Each line of the data below should be restated exactly, with images left out.
*** GIVEN DATA ***
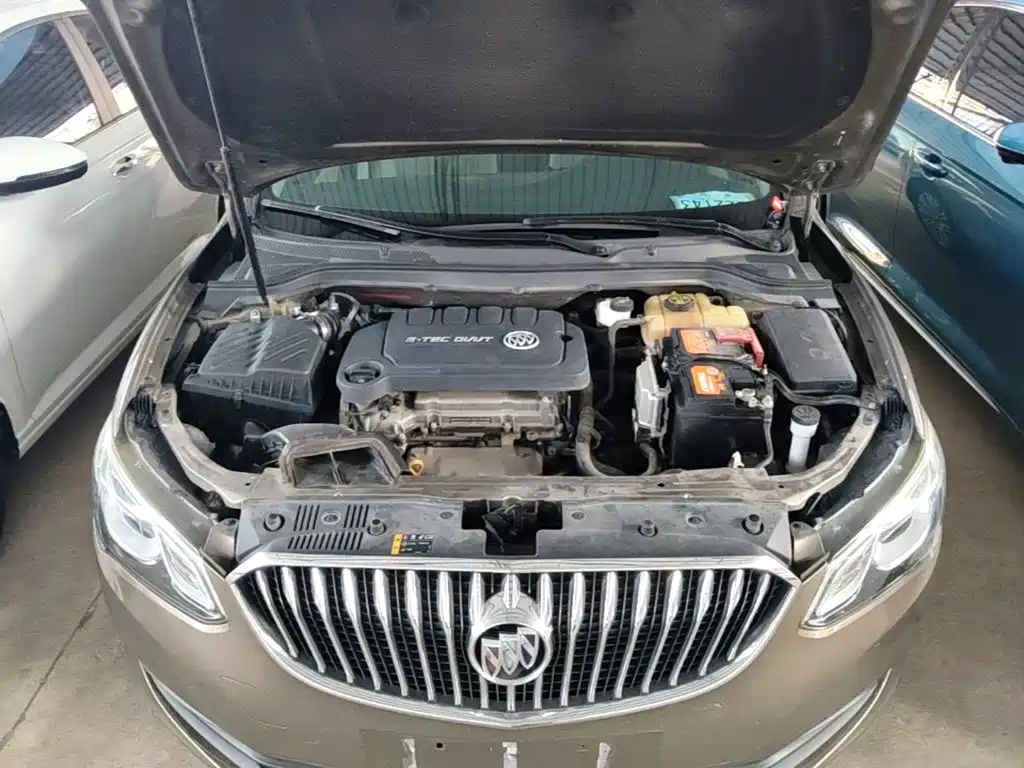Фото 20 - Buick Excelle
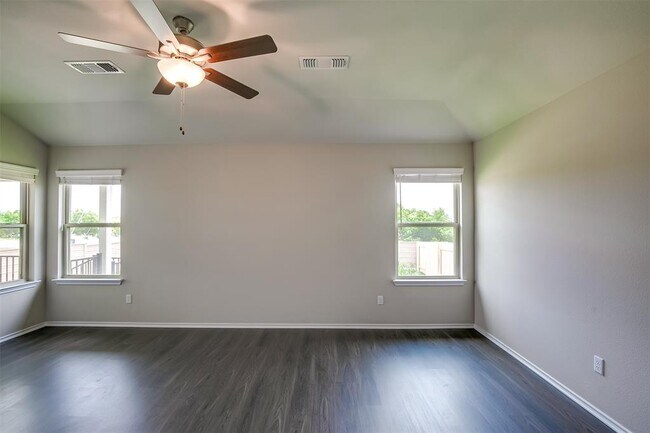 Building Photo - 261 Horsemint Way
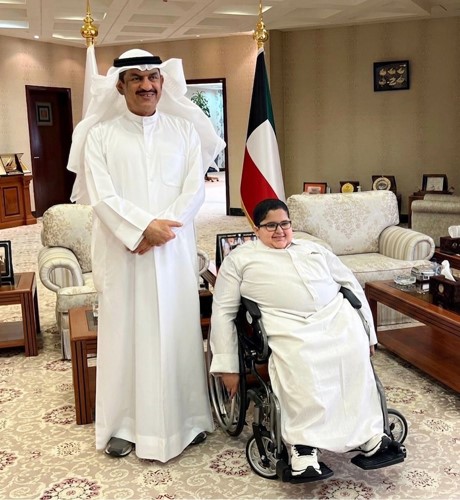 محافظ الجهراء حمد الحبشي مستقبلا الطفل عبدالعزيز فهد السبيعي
*** End of GIVEN DATA ***
=== WRITTEN SOLUTION ===
Фото 20 - Buick Excelle
 Building Photo - 261 Horsemint Way
 محافظ الجهراء حمد الحبشي مستقبلا الطفل عبدالعزيز فهد السبيعي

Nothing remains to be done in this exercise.